Only the lines from the one containing "Pilz PNOZ m" through the last line of the data below belong in your answer, copied exactly and without pictures.

-------- Records for this exercise --------

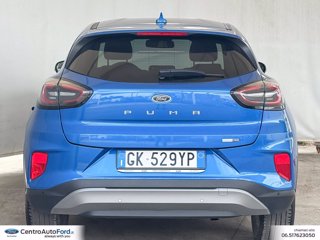 FORD Puma 1.0 ecoboost h titanium x s&s 125cv 3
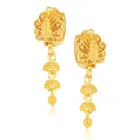 Gold Plated Earrings for Women & Girls 
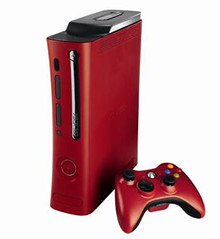 Xbox 360 RE5 Console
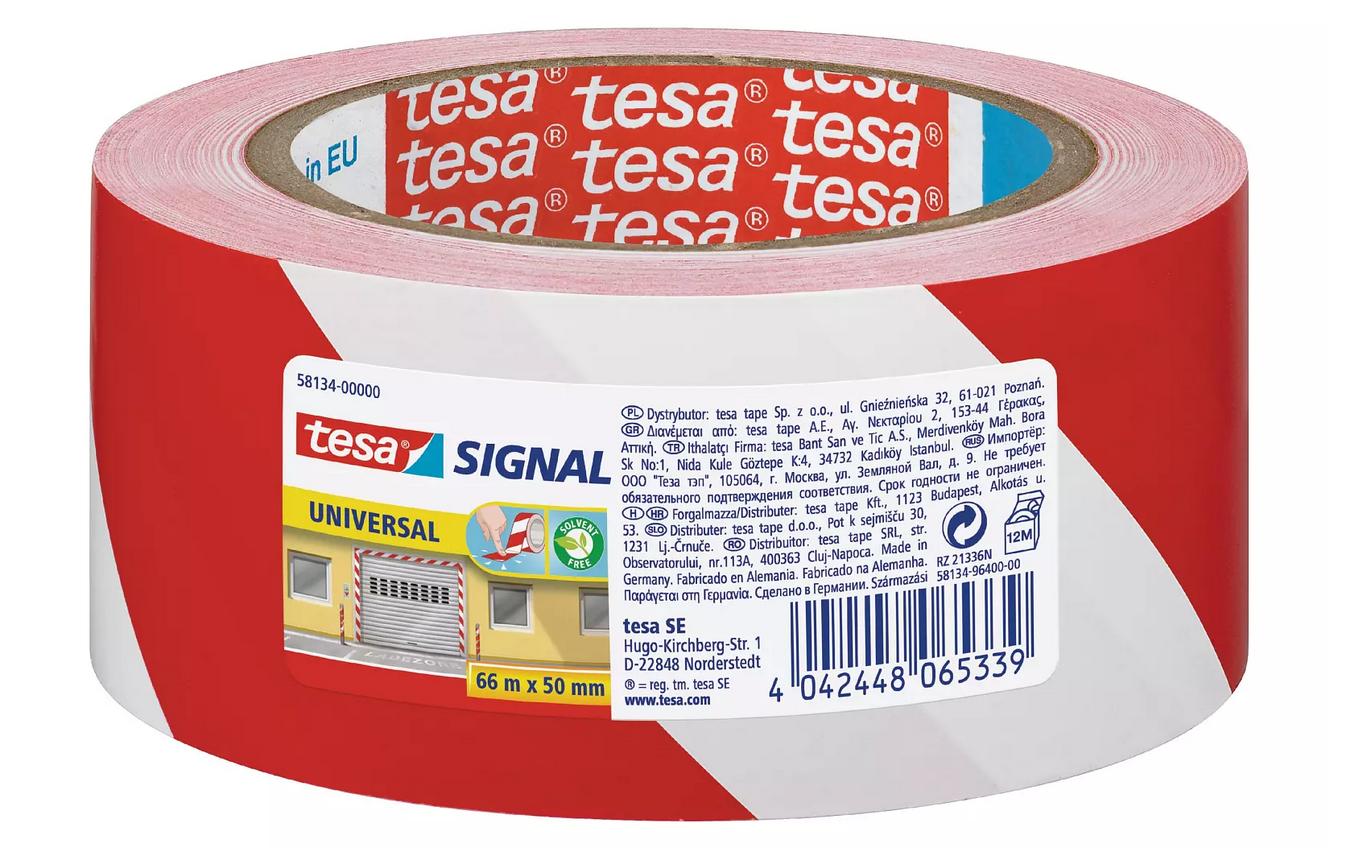 Absperrband SIGNAL UniversalMarkierungsklebeband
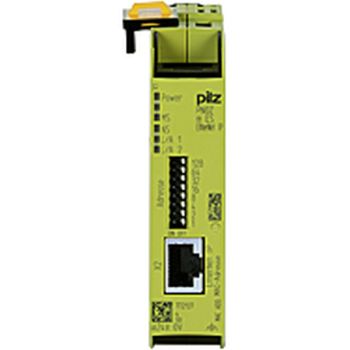 Pilz PNOZ m ES EtherNet/IP Steuerungssystem (772137)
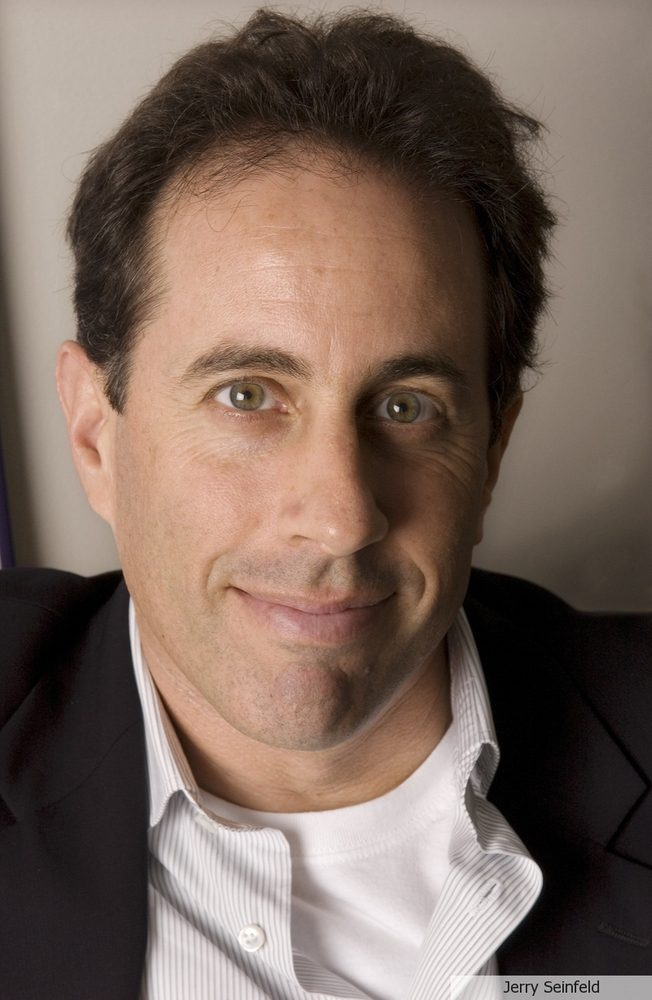 Jerry Seinfeld launches site of all his videos performances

--------

• Output below
 Pilz PNOZ m ES EtherNet/IP Steuerungssystem (772137)
 Jerry Seinfeld launches site of all his videos performances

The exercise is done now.